▸ Exercise requirements
Leave out the pictures, and copy exactly the lines from the line with "New 2019 Ford Escape SE SUV near Belmont" through the last line of the data below.

▸ Information supplied
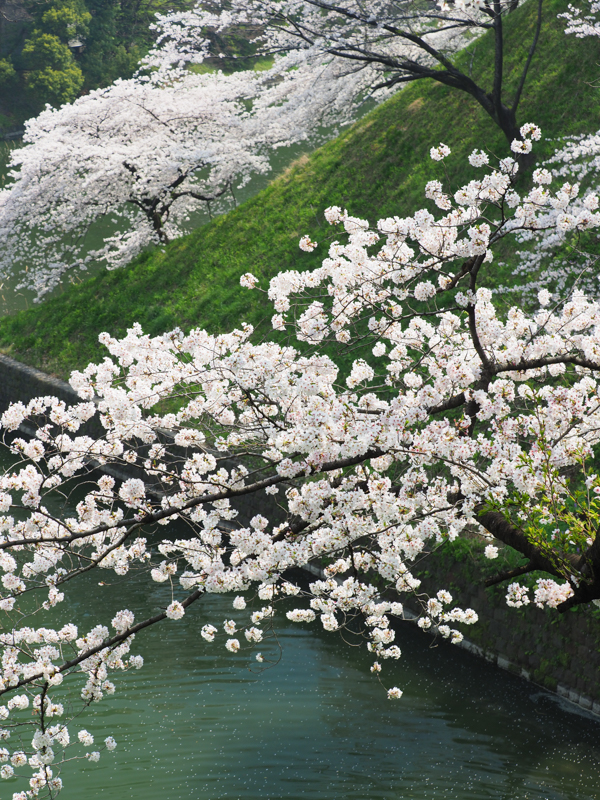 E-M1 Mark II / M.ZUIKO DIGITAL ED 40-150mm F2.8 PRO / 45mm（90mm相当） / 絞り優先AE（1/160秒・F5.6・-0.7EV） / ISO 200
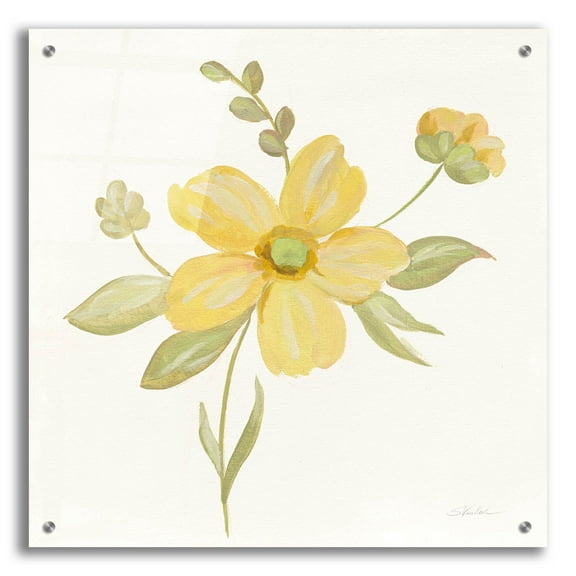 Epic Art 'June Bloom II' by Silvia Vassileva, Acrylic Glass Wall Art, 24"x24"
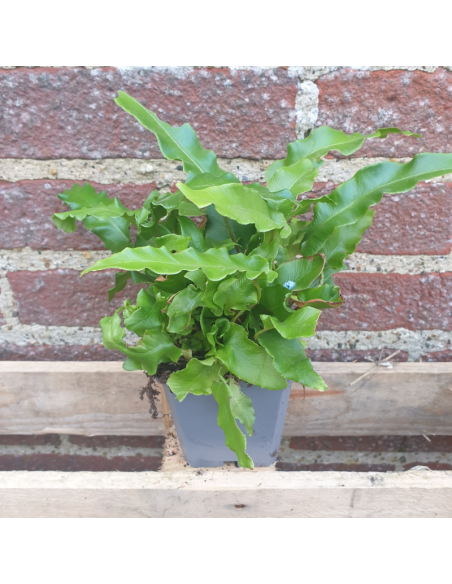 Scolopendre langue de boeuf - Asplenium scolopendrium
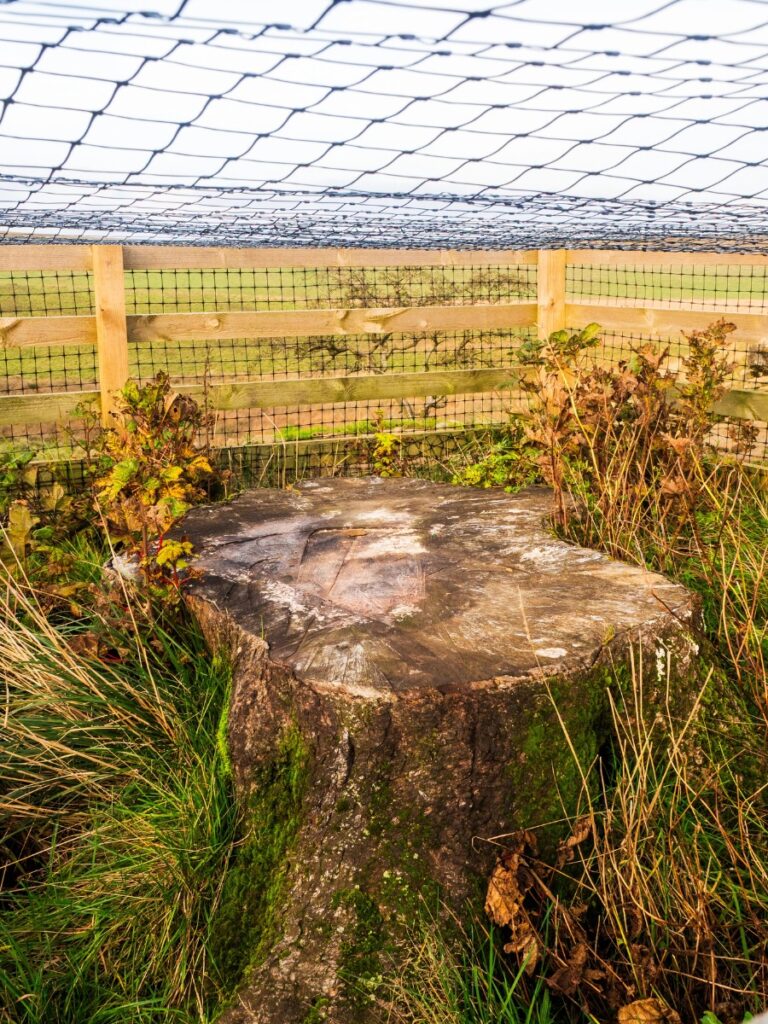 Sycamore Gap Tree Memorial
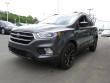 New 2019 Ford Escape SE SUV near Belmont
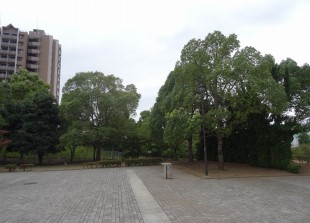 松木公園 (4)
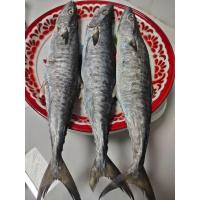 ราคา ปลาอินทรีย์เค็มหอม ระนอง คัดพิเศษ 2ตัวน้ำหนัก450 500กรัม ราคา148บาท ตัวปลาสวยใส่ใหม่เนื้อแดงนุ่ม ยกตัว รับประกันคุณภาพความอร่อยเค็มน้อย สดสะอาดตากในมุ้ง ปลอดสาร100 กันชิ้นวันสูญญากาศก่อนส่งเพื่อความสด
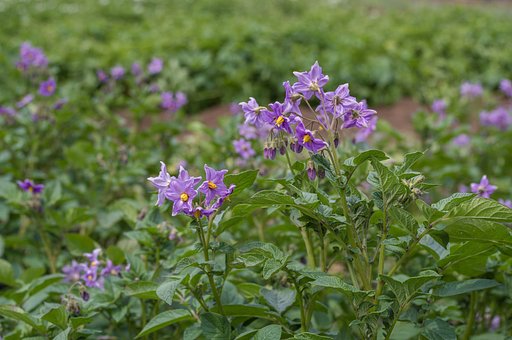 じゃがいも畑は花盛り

▸ Answer section
 New 2019 Ford Escape SE SUV near Belmont
 松木公園 (4)
 ราคา ปลาอินทรีย์เค็มหอม ระนอง คัดพิเศษ 2ตัวน้ำหนัก450 500กรัม ราคา148บาท ตัวปลาสวยใส่ใหม่เนื้อแดงนุ่ม ยกตัว รับประกันคุณภาพความอร่อยเค็มน้อย สดสะอาดตากในมุ้ง ปลอดสาร100 กันชิ้นวันสูญญากาศก่อนส่งเพื่อความสด
 じゃがいも畑は花盛り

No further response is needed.